セミは一生の大半を土の中で幼虫として過ごします。ようやく外に出て成虫になっても、そこから1〜2週間しか生きられず、短い命を燃やすように一生懸命鳴くのです。
驚くことに、セミの幼虫が土の中から出て羽化を始めるのは、決まって「晴れた日の夕方から夜」なんだそうです。
でも、なぜ土の中にいるセミが、天気や今の時間が分かるのでしょう。実は、セミの幼虫は土の中から外に通じる穴を自分たちで掘り、穴の中から外の様子を何日も観測しているというのです。若い幼虫はまだ目が見えませんが、羽化直前の幼虫の視力は良く、晴れている日を選んで、地上に出てくるそうです。
晴れた日を選ぶのは「脱皮後の体や羽が早く乾くから」、暗い時間を選ぶのは「天敵に見つからないようにするため」とのことで、昆虫の本能に驚かされるばかりです。
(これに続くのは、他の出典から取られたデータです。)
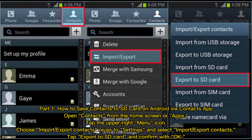Part 1: How to Save Contacts to a SD card on Android via the Contacts app. Open Contacts from the home screen or apps, tap the upper right menu icon, choose Import-Export Contacts, or go to Settings and select Import-Export Contacts. Tap Export to a SD card and confirm with OK.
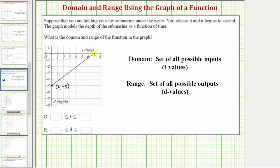And notice at this end point the coordinates are seven comma zero, which means after seven seconds the depth is equal to zero — meaning the submarine is at the surface of the water.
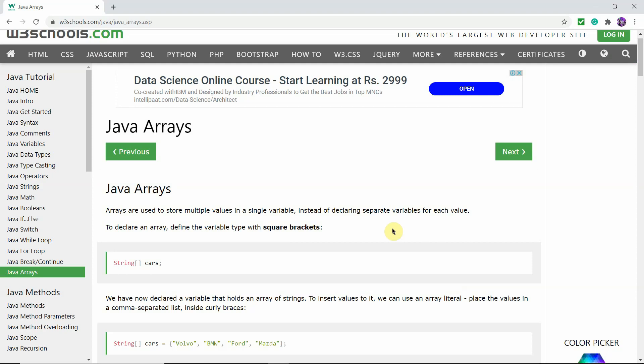Hey guys, this is Coachella and today we're going to be learning the concepts of an array: what is an array, how we can use an array, how we can use an array in a for loop, how we can use it to make our lives easier, how we can use it to make different games and different projects. So first of all, we have the definition of an array right in front of us — arrays are used to store multiple values in a single variable instead of declaring separate variables for each value.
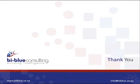That brings us to the end of our demo. Thank you for joining us. If you have any questions, please contact us at info@biblue.co.za.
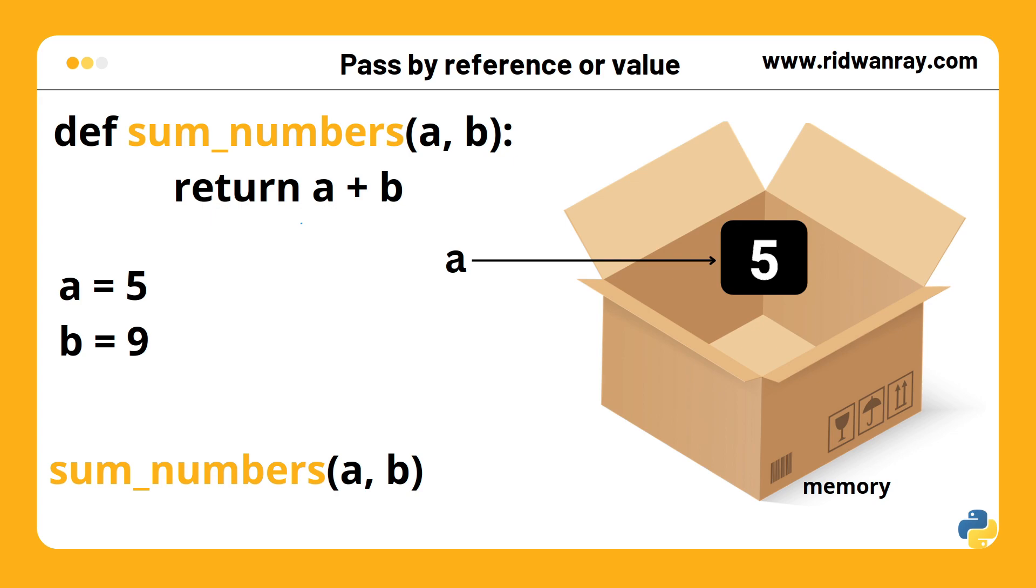Let's say we have a function which adds two numbers together. It takes two parameters and as a result, two arguments need to be passed to the function call.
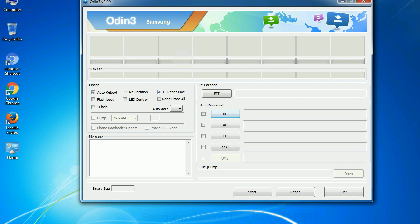Phone. It refers to baseband and modem version. CSC: Consumer software customization. Click this button and select the CSC file.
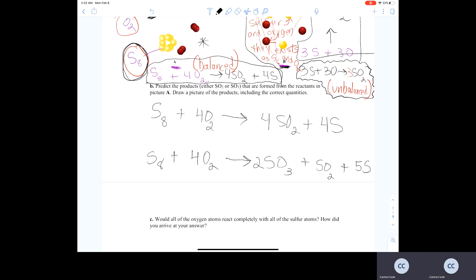In the second reaction involving SO3 as a product, this reaction is also balanced. We have 2 plus 1 plus 5 equaling 8 sulfur atoms on the right, and 8 sulfur atoms on the left. We've got 8 oxygens on the left, and also 2 times 3 is 6, plus 2, equals 8 — so 8 oxygen atoms on the right as well. So this is also a balanced chemical reaction that shows SO3 as well as SO2 formation.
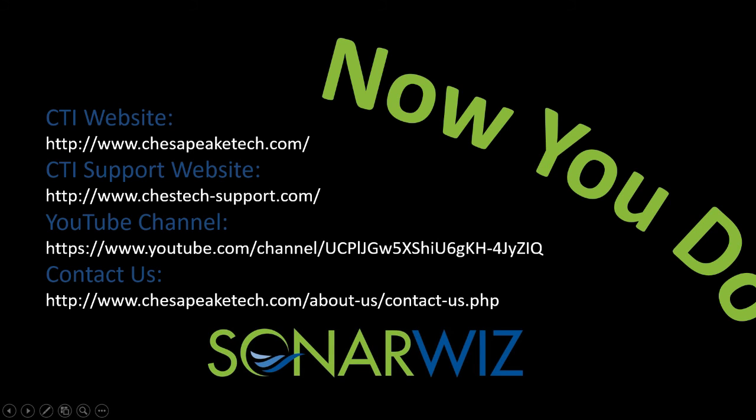So now you know how to make a 3D PDF in SonarWiz. If you'd like to learn more about SonarWiz, visit us at www.chesapeaktech.com. There you can find more videos like this as well as information about our upcoming training. Thank you for watching.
さて、夏は太平洋高気圧が広く日本付近を覆うため、梅雨から一変して安定して晴れる傾向にあります。
ただし、太平洋高気圧が西日本から朝鮮半島付近で北に盛り上がるように張り出す天気図の日は要注意です。この気圧配置は等圧線の形から「くじらの尾形」と呼ばれていて、典型的な猛暑のパターンになります。
この天気図の時は、太平洋高気圧の上空にチベット高気圧が張り出してきて、日本列島が布団の2枚重ねのような状態になっているため、厳しい暑さが続きます。
この夏は猛暑が予想されていて、残暑も厳しくなりそうです。自分の体調を過信せず、可能であればセミのように天候や時間帯をみながら外出するようにしてください。